Only the lines below from the one that holds "snow covered ground and mountain" through the one that holds "パシフィコ C棟【1階】の間取り" should appear in the answer, copied exactly, end lines included and pictures omitted.

### Excerpted records ###

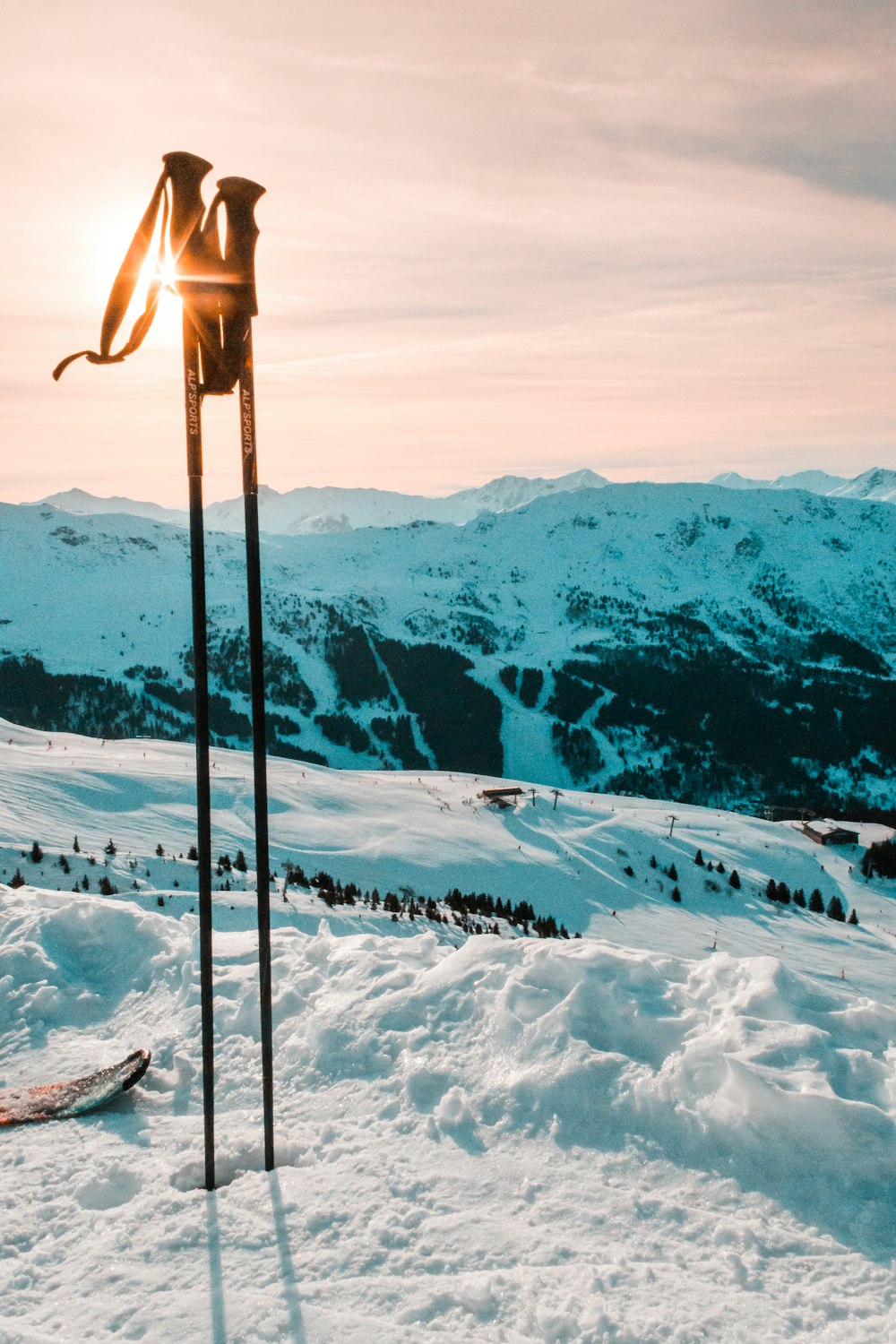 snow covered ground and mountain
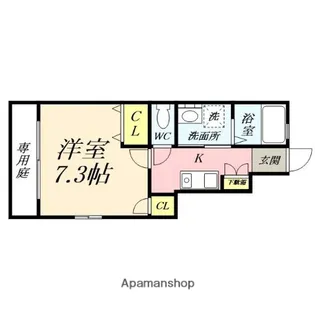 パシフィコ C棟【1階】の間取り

###
### Excerpted records ###

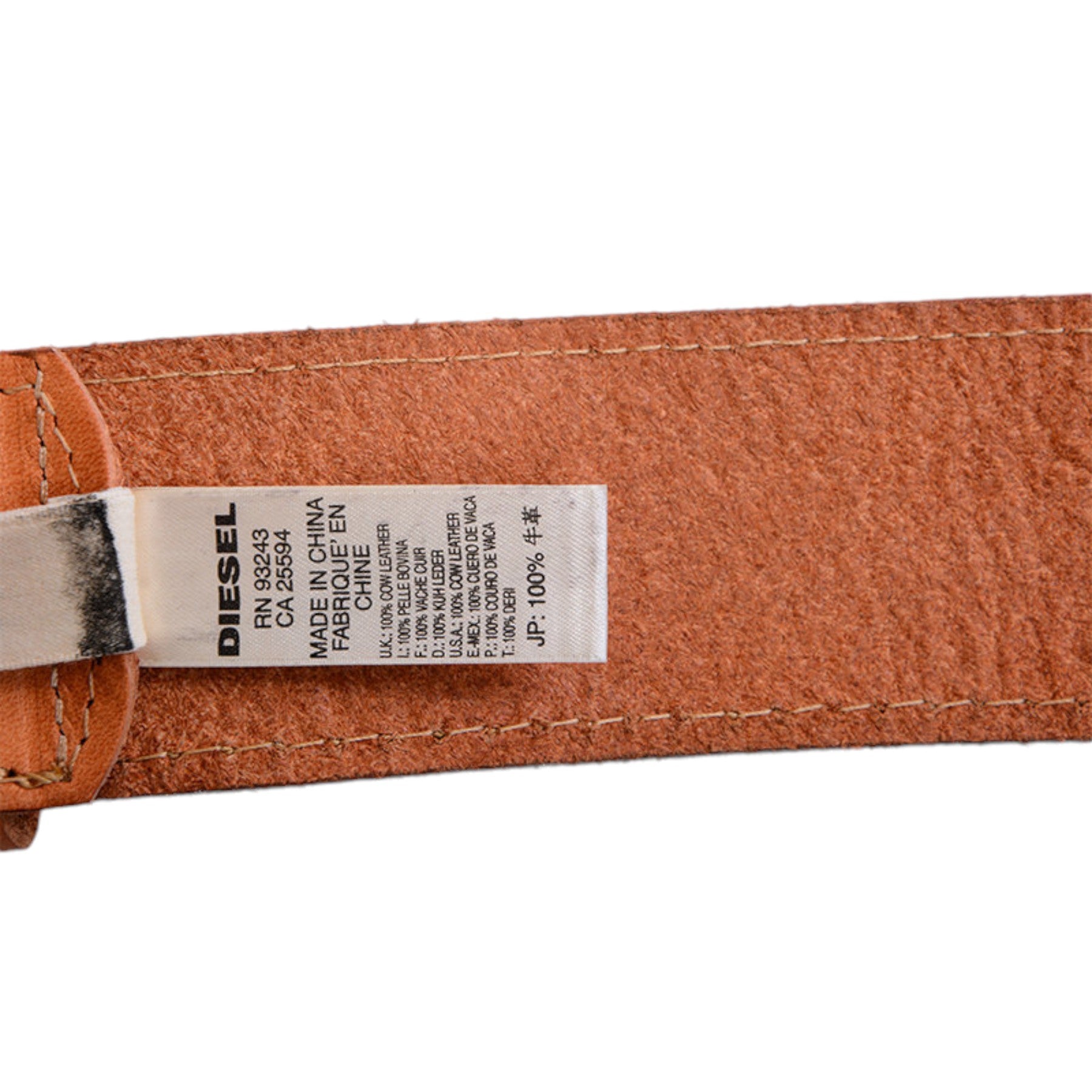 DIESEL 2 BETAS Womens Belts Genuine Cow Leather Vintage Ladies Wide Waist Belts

###
### Excerpted records ###

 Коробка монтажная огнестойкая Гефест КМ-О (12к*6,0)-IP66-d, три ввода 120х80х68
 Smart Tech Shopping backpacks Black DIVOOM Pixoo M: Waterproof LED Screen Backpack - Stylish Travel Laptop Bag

###

Written answer:
 snow covered ground and mountain
 パシフィコ C棟【1階】の間取り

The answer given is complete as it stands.